I'd thought they'd wait until the end of the season to do this, and possibly Hammond.


----------



## King Joseus (May 26, 2003)

Ha, Boylan.


----------



## RollWithEm (Jul 16, 2002)

Wait, you guys expected this Milwaukee team to be better than .500 this season? I figured they would win maybe 30 games with this roster. I think Skiles has them over-performing... just like he has done with basically every team he has ever coached. He gets the most out of his personnel. Why do you guys dislike him so much?


----------



## Bubbles (Nov 12, 2005)

His rotations are maddening.


----------



## RollWithEm (Jul 16, 2002)

Prince said:


> His rotations are maddening.


Rotations are always what piss off loyal fans of the team who watch most of their games as opposed to guys like me who have seen them play 4 or 5 times this year. I can understand that, but I still don't think this team has underachieved this season.


----------



## roux (Jun 20, 2006)

RollWithEm said:


> Rotations are always what piss off loyal fans of the team who watch most of their games as opposed to guys like me who have seen them play 4 or 5 times this year. I can understand that, but I still don't think this team has underachieved this season.

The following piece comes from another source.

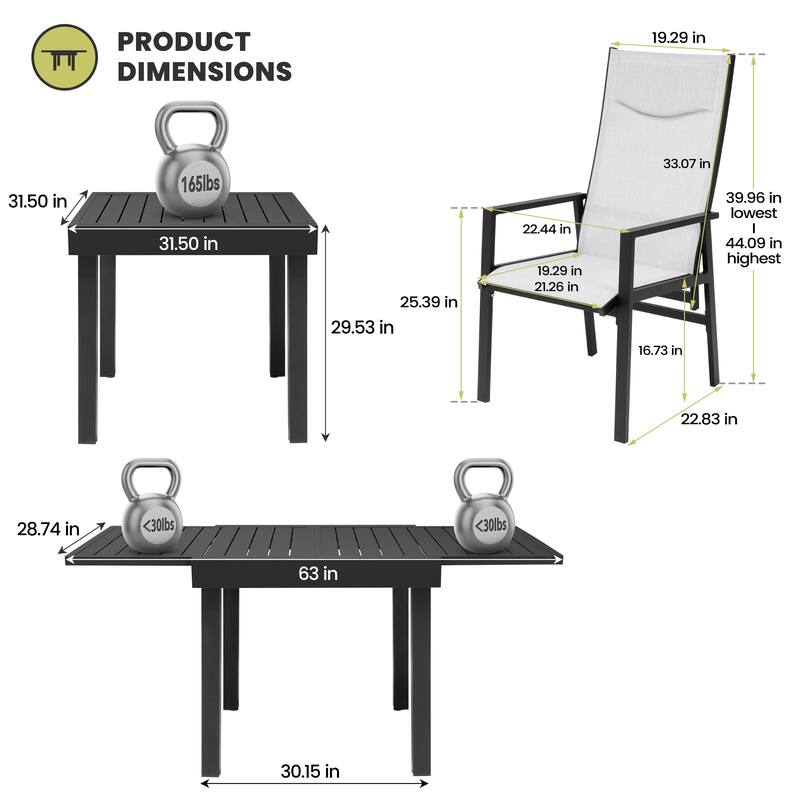 5/7/9-Piece Set Outdoor Aluminum Expandable Patio Dining Table with Folding Adjustable Back Chairs - N/A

If you look at any bucks win this year it usually involves one of or both of Jennings or Ellis going off. Those guys can win a game by themselves at times, but they can be equally as bad for the team when their shot isnt falling... hence a .500 record


----------



## narek (Jul 29, 2005)

http://www.jsonline.com/sports/bucks/players09-qq8a36h-186114351.html

reaction from the team:



> Ersan Ilyasova:
> 
> "It's not easy, but sometimes change motivates a person." . . .
> 
> "It's not a big deal whether you start or not. My main concern always was with the minutes. I didn't expect to play less than what it was last year. It didn't motivate me well. Now with Jim Boylan as head coach, we had a good conversation in the morning. I'm really looking forward to it and I will try to bring everything I've got so we can be successful as a team."


----------



## RollWithEm (Jul 16, 2002)

roux2dope said:


> If you look at any bucks win this year it usually involves one of or both of Jennings or Ellis going off. Those guys can win a game by themselves at times, but they can be equally as bad for the team when their shot isnt falling... hence a .500 record


Right. This team's personnel is structure in such a way that one of those two guys (and a lot of times both) has to dominate in the scoring column for them to have a chance to win. I don't necessarily blame the coach as much as the GM for that set of circumstances.


----------



## roux (Jun 20, 2006)

RollWithEm said:


> Right. This team's personnel is structure in such a way that one of those two guys (and a lot of times both) has to dominate in the scoring column for them to have a chance to win. I don't necessarily blame the coach as much as the GM for that set of circumstances.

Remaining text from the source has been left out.